July 22, 2014
Wall Street ends up on earnings, rebound in high-growth shares
US stocks rose, boosted by upbeat results from companies including Merck & Co and a rebound in Facebook and other high-growth shares.
Merck & Co 's shares climbed 3.6 percent to $58.72, giving the S&P 500 its biggest lift, after it reported stronger-than-expected earnings.
The Dow Jones industrial average rose 86.63 points or 0.53 percent, to 16,535.37, the S&P 500 gained 8.9 points or 0.48 percent, to 1,878.33 and the Nasdaq Composite added 29.142 points or 0.72 percent, to 4,103.543.
Shares of Facebook, up 3.6 percent at $58.15, led the way higher on the Nasdaq, a day after selling off along with a host of other momentum names.
Shares of Twitter jumped 4.6 percent to $42.62 ahead of its results after the bell, when it reported 255 million monthly active users, up from the previous quarter but not enough to satisfy investors. The stock was last down 8.6 percent.
On the down side, Coach Inc reported a sharp drop in North American sales and the stock slumped 9.3 percent to $45.71.
About 6.3 billion shares changed hands on US exchanges, below the 6.6 billion average this month, according to data from BATS Global Markets.
The Fed's two-day policy meeting began today, with the central bank expected to again scale back its monthly bond purchase program. Investors will also be eager to get any guidance on when it might raise interest rates.
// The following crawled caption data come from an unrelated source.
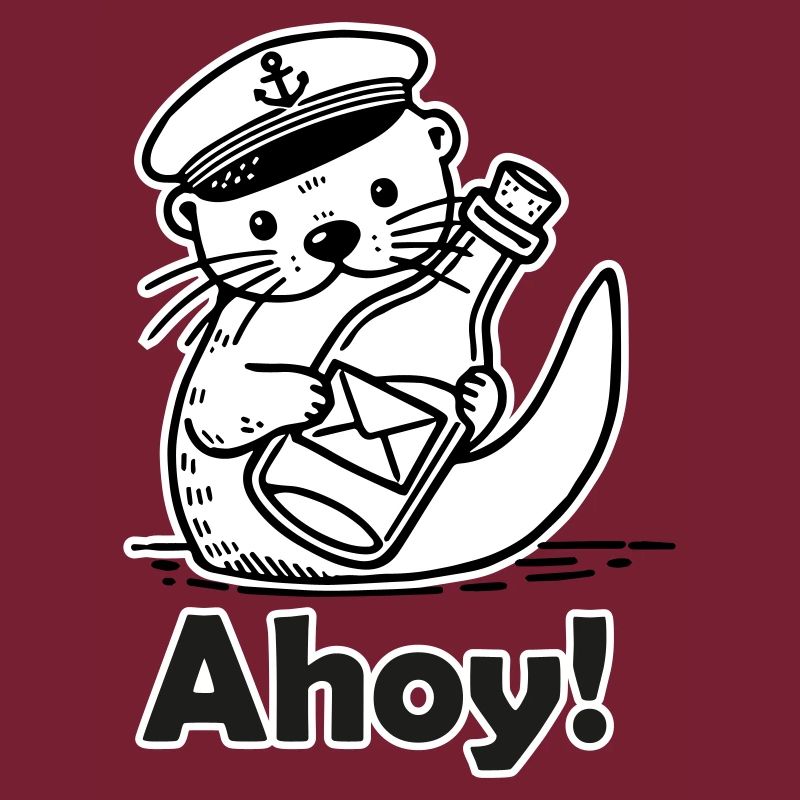 Cute Seaman Otter Holding A Postcard In A Bottle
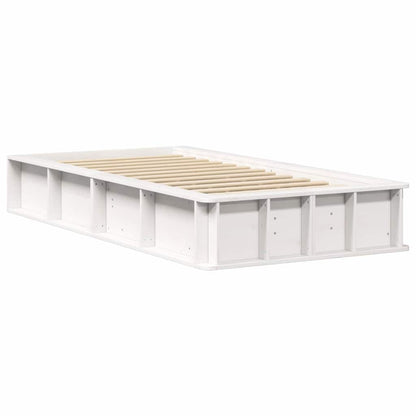 Bedframe met opslag Wit 90 x 200 cm Composiet hout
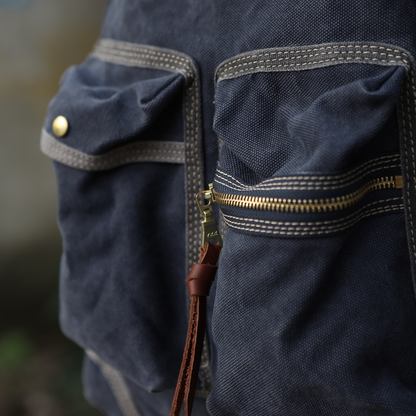 Vintage Canvas Backpack – 20oz Heavyweight Leather Trim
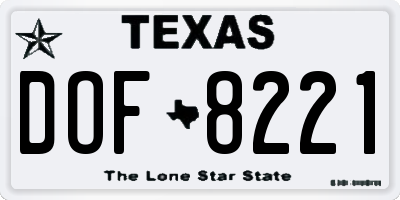 TX license plate DOF8221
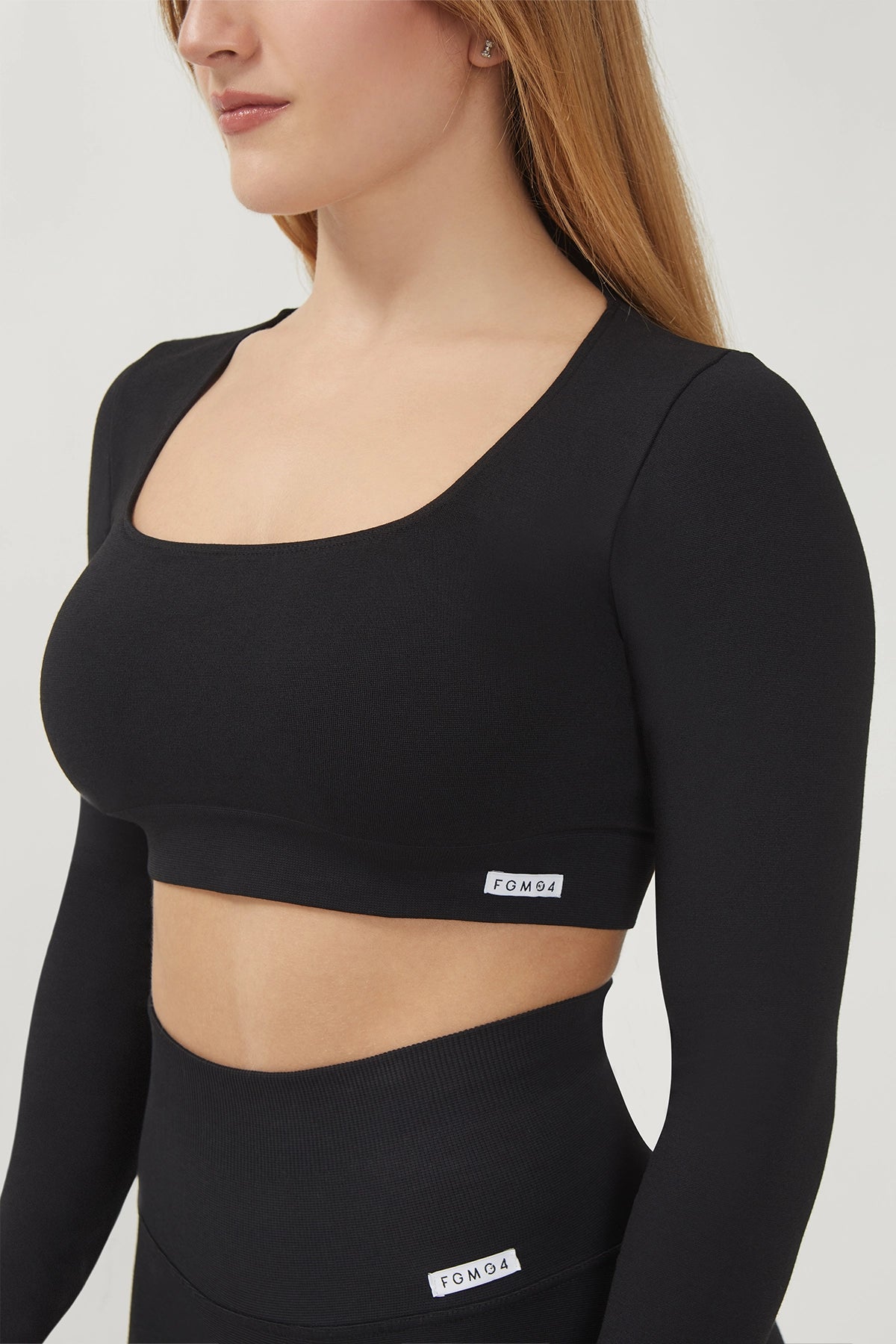 Maglia sportiva cropped seamless mélange con maniche lunghe Minimaglia Essence BambùFIR Nero - FGM04 - Maglie e Top - fgm04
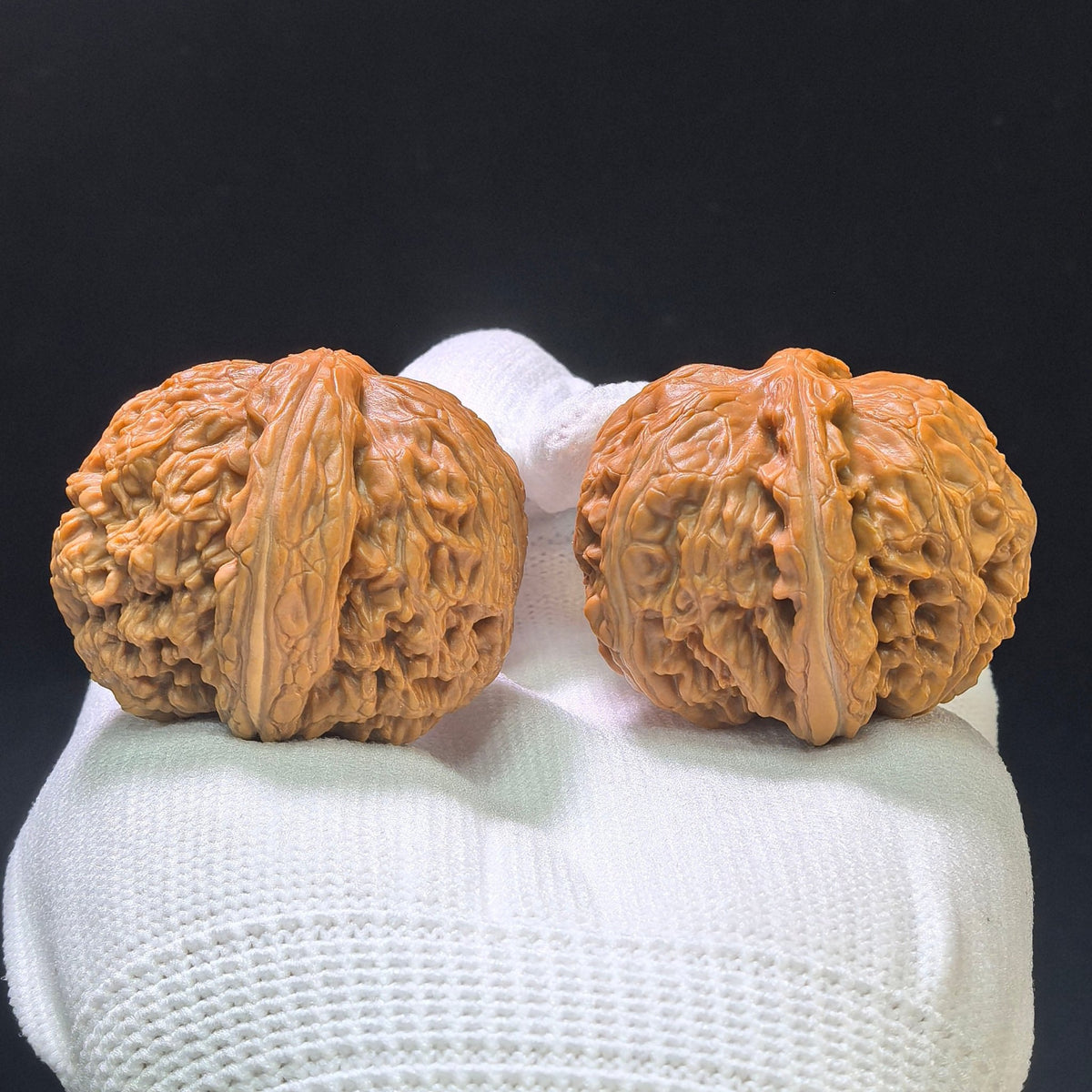 "Meteorite Ingot" Yinshi Yuanbao Pocket Low-Profile Wenwan Walnuts Pair | 36.0mm x 38.0mm | YSYB-1103 - ThePatinaProject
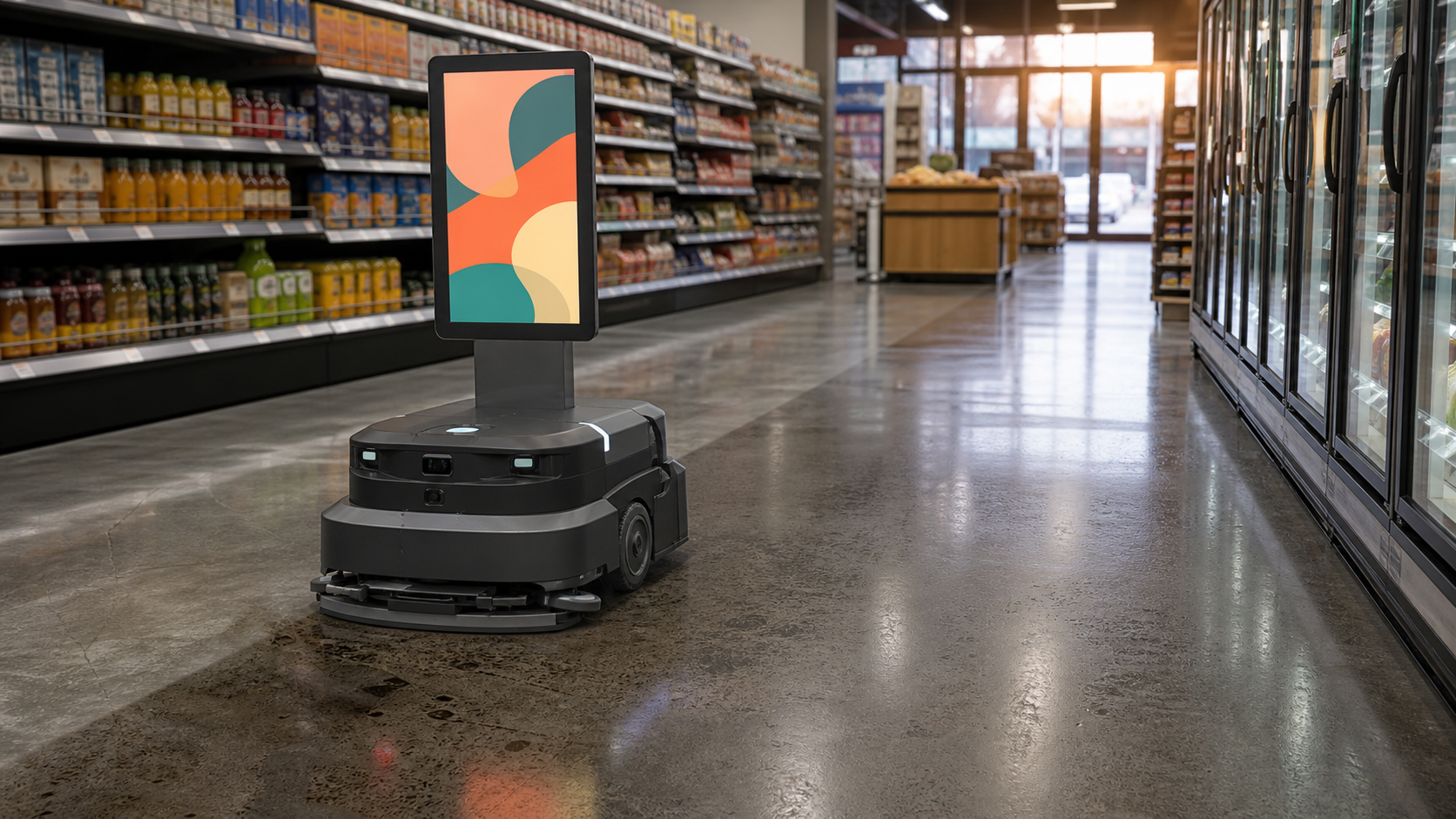 Kompakter autonomer Reinigungsroboter mit Werbedisplay in einem Supermarktgang [Bildinhalt mit KI erstellt]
European shares closed up, led by technology stocks as results from chipmaker Infineon and telecommunication gear maker Nokia brightened the outlook for the sector.
The two were among the top risers on the pan-European FTSEurofirst 300 index after they reported forecast-beating quarterly earnings boosted respectively by demand from automotive and industrial customers and by software deals.
The STOXX Europe 600 Tech index was up 1.4 percent, a top sectoral riser.
The pan-European FTSEurofirst 300 index, was 1.2 percent higher at 1,352.42 points. The euro zone Euro STOXX 50 was up 1.4 percent at 3,208.68 points.